The Gjokajs of Triesh are direct descendants of the ancient ancestor, Ban Keqi. He is the brother of Lazër Keqi (Hoti tribe). Edith Durham’s book High Albania makes reference to the direct correlation between the Keqi brothers and the significance of the bloodlines. In her book, she describes what was said by a Malësor of the Hot tribe in one of the many villages she explored in the highland regions of northern Albania in 1909:

“And half the tribe of Triepshi, the stem of Bakechi, is of Hoti blood. We cannot marry them. The other half–the Bekaj–we can. They are not our blood; they come from Kopliku.

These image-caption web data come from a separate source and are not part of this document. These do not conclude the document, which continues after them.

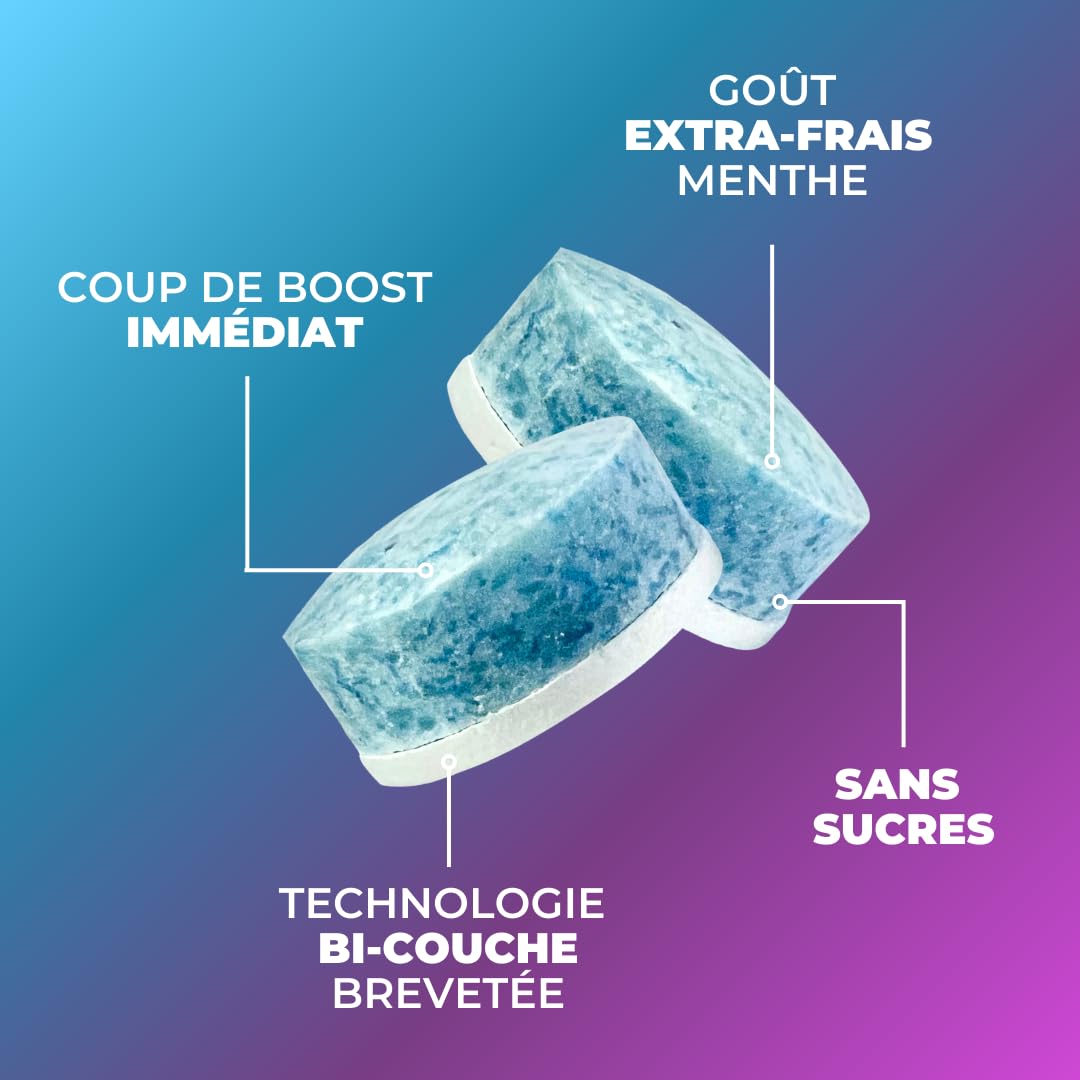 ZOHI Chewing-gum sans sucres avec actifs - Boost Energie - Goût menthe fraîche - Complément alimentaire avec édulcorants - Boîte de 12 plaquettes de 10 chewing-gums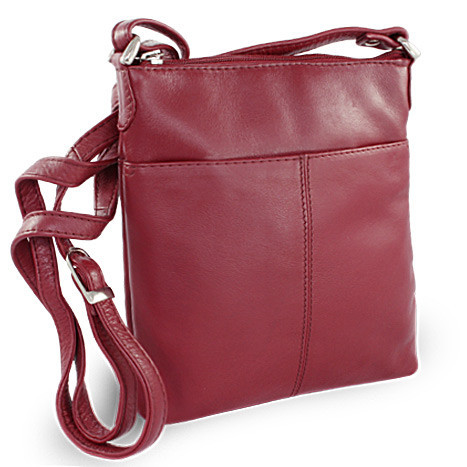 Vínová červená dámska kožená zipsová crossbody kabelka Jenny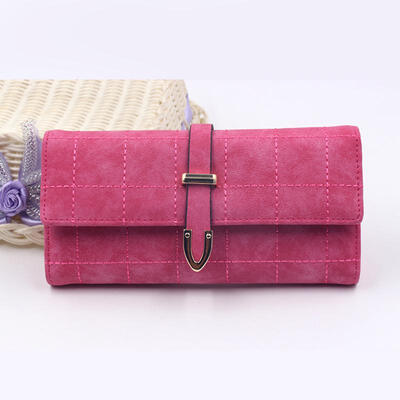 

Fashion PU Leather Triple-Folding Women Long Section Wallet Large Capacity Frosted Hasp Purse For Women Lady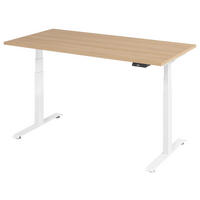 SCHREIBTISCH 160/80/64,5-129,5 cm Weiß, Eichefarben elektrisch höhenverstellbar  - Eichefarben/Weiß, KONVENTIONELL, Holzwerkstoff/Metall (160/80/64,5-129,5cm) - Venda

Triepshi belongs to Montenegro now, but is all Catholic.” (Durham, 1909)
 
The direct descendants of the Gjokaj include:
Prel, Gjek & Lek Ivani (Brothers and descendants of the majority of current Gjokajs)
Ivan Mali
Mal Prëgza
Prëgz Gjoka
Gjok Lumi (Ancestor of which the Gjokaj name derives)
Lum Muzhi
Muzh Marashi (The ancestor that the name of the town, "Muzheçku" is derived)
Marash Pata
Pat Bani
Ban Keqi (brother of "Lazar Keqi" of the Hoti tribe of Malësi e Madhe)

Current members of the Gjokaj clan of Triesh predominantly live in parts of Tuzi, Montenegro and surrounding areas of Malësia. A large majority of Gjokajs have immigrated to the United States starting in the early 1970s in search of a better living for their families and the strive for the American dream. The majority of Gjokajs residing in the US live in close-knit Albanian American communities throughout the US, predominantly in Metro Detroit and within the New York City metropolitan area.

References

Durham, E. (1909). High Albania. London: Edward Arnold.